**Task details:** What you return must be an exact copy of the lines in the listing below between the line holding "for boxing comeback" and the line holding "appartamento in vendita", inclusive, and nothing more.

**Provided records:**
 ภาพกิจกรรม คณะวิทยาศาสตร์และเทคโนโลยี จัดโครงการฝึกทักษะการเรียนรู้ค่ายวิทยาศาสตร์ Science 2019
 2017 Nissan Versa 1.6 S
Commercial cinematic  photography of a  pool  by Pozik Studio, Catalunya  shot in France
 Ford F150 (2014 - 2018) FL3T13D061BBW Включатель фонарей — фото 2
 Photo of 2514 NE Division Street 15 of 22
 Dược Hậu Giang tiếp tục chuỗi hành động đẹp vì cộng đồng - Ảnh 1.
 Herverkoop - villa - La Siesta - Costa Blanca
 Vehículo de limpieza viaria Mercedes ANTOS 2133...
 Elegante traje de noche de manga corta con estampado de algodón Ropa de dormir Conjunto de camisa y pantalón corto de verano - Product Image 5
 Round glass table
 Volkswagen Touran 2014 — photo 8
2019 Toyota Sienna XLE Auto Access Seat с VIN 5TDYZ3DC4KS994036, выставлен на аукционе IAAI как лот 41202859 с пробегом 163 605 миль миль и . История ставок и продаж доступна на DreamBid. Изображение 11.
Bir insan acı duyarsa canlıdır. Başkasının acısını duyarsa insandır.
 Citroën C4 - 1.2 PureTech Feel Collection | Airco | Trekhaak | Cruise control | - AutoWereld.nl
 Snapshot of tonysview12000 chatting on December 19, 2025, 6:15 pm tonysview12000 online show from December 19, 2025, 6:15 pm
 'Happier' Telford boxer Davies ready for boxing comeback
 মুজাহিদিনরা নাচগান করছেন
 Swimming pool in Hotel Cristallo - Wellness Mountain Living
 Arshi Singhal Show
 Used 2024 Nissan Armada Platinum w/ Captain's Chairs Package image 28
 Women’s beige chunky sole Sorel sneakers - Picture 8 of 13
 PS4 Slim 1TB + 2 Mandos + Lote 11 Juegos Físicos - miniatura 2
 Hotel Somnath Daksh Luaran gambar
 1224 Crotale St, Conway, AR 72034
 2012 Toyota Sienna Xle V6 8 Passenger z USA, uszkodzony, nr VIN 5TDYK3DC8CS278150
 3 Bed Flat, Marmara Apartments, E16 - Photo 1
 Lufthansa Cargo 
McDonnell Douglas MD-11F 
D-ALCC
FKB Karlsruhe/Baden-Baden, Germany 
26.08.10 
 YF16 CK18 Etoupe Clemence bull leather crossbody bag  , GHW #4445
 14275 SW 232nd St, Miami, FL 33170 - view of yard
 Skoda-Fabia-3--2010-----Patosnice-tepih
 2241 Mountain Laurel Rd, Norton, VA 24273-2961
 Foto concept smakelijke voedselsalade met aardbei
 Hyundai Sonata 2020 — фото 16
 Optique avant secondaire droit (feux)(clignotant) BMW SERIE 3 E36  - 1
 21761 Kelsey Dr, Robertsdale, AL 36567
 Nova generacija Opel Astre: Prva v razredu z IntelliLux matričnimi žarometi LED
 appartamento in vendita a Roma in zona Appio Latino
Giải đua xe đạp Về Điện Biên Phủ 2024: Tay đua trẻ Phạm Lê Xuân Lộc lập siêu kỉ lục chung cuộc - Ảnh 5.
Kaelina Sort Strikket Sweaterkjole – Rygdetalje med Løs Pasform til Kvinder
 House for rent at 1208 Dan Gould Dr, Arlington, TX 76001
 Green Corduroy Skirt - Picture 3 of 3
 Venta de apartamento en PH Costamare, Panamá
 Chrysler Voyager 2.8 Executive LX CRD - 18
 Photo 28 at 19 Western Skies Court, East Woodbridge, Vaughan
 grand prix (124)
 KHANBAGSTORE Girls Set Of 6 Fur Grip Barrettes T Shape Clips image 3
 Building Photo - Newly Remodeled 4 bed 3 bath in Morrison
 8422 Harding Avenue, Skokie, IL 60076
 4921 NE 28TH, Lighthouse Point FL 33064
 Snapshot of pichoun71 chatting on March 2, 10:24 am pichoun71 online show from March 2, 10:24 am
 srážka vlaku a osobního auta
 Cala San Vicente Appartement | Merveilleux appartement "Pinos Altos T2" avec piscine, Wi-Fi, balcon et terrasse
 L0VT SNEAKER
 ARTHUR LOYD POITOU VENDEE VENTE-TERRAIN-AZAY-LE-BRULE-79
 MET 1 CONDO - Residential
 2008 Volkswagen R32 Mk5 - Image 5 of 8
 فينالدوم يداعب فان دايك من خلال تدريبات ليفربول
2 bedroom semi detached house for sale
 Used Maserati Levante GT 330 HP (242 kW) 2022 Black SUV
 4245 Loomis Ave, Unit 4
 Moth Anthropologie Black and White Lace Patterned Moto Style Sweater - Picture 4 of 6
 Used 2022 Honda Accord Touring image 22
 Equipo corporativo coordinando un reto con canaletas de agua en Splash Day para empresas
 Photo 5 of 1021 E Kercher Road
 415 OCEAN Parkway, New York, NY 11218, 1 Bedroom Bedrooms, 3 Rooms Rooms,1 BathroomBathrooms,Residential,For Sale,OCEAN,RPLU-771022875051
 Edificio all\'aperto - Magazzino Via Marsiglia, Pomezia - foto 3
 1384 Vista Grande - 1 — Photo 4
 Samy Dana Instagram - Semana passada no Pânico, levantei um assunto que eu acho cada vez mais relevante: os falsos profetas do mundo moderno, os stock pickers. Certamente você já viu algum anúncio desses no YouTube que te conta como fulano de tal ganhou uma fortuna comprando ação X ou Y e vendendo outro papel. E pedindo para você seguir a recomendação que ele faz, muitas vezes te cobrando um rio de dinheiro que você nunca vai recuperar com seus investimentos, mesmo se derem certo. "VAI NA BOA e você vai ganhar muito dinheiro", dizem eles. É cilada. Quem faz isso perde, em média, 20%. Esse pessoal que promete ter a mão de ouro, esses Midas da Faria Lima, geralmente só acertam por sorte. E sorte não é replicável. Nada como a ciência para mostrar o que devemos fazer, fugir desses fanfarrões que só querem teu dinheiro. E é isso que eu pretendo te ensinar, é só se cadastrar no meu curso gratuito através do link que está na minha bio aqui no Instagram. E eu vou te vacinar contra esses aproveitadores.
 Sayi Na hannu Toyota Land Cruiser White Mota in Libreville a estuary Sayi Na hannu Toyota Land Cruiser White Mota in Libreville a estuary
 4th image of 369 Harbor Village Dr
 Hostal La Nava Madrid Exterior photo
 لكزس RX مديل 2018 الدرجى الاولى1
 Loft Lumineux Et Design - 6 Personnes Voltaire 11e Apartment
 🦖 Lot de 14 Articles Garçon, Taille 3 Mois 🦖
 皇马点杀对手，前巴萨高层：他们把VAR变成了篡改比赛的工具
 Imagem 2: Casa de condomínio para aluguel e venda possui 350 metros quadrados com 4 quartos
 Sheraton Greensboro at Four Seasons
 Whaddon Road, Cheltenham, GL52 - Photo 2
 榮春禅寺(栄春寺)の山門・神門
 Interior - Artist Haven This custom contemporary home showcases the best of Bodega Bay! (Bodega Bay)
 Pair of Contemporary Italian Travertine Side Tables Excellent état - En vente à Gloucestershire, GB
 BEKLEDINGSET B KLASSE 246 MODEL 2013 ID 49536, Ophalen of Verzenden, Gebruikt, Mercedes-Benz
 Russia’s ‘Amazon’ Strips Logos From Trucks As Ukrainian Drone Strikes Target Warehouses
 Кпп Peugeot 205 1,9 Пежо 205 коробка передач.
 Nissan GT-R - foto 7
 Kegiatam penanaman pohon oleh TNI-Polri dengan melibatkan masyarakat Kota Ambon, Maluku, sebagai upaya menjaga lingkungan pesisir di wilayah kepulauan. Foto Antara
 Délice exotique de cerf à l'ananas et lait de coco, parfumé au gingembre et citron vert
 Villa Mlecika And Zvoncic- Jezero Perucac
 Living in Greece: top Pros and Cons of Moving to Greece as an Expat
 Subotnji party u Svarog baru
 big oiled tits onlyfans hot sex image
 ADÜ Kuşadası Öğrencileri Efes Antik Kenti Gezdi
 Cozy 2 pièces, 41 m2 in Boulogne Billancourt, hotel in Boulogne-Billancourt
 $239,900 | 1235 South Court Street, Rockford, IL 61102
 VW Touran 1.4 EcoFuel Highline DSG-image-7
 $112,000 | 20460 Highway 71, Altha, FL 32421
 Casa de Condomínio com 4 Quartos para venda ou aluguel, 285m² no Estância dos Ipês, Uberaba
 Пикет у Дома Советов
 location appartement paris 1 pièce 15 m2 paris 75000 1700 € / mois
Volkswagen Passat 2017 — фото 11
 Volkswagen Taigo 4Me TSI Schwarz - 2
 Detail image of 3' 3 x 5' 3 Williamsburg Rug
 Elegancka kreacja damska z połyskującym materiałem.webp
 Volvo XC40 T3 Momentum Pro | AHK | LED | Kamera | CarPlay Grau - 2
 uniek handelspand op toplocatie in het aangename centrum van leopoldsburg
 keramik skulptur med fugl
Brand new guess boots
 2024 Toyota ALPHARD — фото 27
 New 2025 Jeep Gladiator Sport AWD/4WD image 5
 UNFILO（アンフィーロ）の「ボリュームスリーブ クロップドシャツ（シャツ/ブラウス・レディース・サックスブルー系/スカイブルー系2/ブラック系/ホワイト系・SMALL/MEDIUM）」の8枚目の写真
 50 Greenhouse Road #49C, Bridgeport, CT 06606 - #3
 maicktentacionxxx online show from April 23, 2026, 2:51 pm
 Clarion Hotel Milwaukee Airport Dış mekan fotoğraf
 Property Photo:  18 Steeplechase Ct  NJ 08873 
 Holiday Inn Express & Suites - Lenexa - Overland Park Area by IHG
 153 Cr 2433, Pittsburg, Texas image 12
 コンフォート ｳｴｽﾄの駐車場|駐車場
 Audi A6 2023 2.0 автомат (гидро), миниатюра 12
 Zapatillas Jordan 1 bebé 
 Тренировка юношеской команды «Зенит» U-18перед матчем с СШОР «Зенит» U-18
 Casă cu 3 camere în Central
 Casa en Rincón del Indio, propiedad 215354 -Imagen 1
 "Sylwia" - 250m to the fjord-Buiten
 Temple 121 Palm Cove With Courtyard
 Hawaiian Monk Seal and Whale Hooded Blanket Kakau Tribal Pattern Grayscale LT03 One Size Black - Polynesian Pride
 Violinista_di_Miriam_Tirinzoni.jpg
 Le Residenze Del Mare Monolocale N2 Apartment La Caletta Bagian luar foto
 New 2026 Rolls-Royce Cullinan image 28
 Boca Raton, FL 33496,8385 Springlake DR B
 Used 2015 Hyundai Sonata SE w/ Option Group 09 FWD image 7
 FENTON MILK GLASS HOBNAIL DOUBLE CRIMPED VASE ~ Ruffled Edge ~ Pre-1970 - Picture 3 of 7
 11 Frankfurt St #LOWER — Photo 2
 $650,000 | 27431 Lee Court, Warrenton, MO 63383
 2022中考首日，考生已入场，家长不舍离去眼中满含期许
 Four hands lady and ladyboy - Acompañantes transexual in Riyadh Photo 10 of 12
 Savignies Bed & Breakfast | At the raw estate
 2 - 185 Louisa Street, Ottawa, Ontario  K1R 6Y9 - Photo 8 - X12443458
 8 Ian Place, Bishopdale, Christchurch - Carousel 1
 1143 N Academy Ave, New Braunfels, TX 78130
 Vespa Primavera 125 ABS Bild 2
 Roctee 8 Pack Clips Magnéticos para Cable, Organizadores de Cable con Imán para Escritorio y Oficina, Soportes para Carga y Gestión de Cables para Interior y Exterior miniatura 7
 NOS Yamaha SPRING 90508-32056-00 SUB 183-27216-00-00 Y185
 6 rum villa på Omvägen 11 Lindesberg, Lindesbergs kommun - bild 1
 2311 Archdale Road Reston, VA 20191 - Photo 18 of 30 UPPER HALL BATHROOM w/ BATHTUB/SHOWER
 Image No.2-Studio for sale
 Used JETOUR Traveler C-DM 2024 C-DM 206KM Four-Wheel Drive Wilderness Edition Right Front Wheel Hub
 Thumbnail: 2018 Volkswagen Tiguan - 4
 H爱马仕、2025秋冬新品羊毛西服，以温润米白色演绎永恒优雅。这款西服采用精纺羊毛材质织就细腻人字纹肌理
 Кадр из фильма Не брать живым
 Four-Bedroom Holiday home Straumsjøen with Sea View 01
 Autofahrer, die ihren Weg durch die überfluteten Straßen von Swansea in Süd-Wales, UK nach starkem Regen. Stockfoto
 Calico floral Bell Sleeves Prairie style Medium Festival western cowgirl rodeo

**Task solution:**
 'Happier' Telford boxer Davies ready for boxing comeback
 মুজাহিদিনরা নাচগান করছেন
 Swimming pool in Hotel Cristallo - Wellness Mountain Living
 Arshi Singhal Show
 Used 2024 Nissan Armada Platinum w/ Captain's Chairs Package image 28
 Women’s beige chunky sole Sorel sneakers - Picture 8 of 13
 PS4 Slim 1TB + 2 Mandos + Lote 11 Juegos Físicos - miniatura 2
 Hotel Somnath Daksh Luaran gambar
 1224 Crotale St, Conway, AR 72034
 2012 Toyota Sienna Xle V6 8 Passenger z USA, uszkodzony, nr VIN 5TDYK3DC8CS278150
 3 Bed Flat, Marmara Apartments, E16 - Photo 1
 Lufthansa Cargo 
McDonnell Douglas MD-11F 
D-ALCC
FKB Karlsruhe/Baden-Baden, Germany 
26.08.10 
 YF16 CK18 Etoupe Clemence bull leather crossbody bag  , GHW #4445
 14275 SW 232nd St, Miami, FL 33170 - view of yard
 Skoda-Fabia-3--2010-----Patosnice-tepih
 2241 Mountain Laurel Rd, Norton, VA 24273-2961
 Foto concept smakelijke voedselsalade met aardbei
 Hyundai Sonata 2020 — фото 16
 Optique avant secondaire droit (feux)(clignotant) BMW SERIE 3 E36  - 1
 21761 Kelsey Dr, Robertsdale, AL 36567
 Nova generacija Opel Astre: Prva v razredu z IntelliLux matričnimi žarometi LED
 appartamento in vendita a Roma in zona Appio Latino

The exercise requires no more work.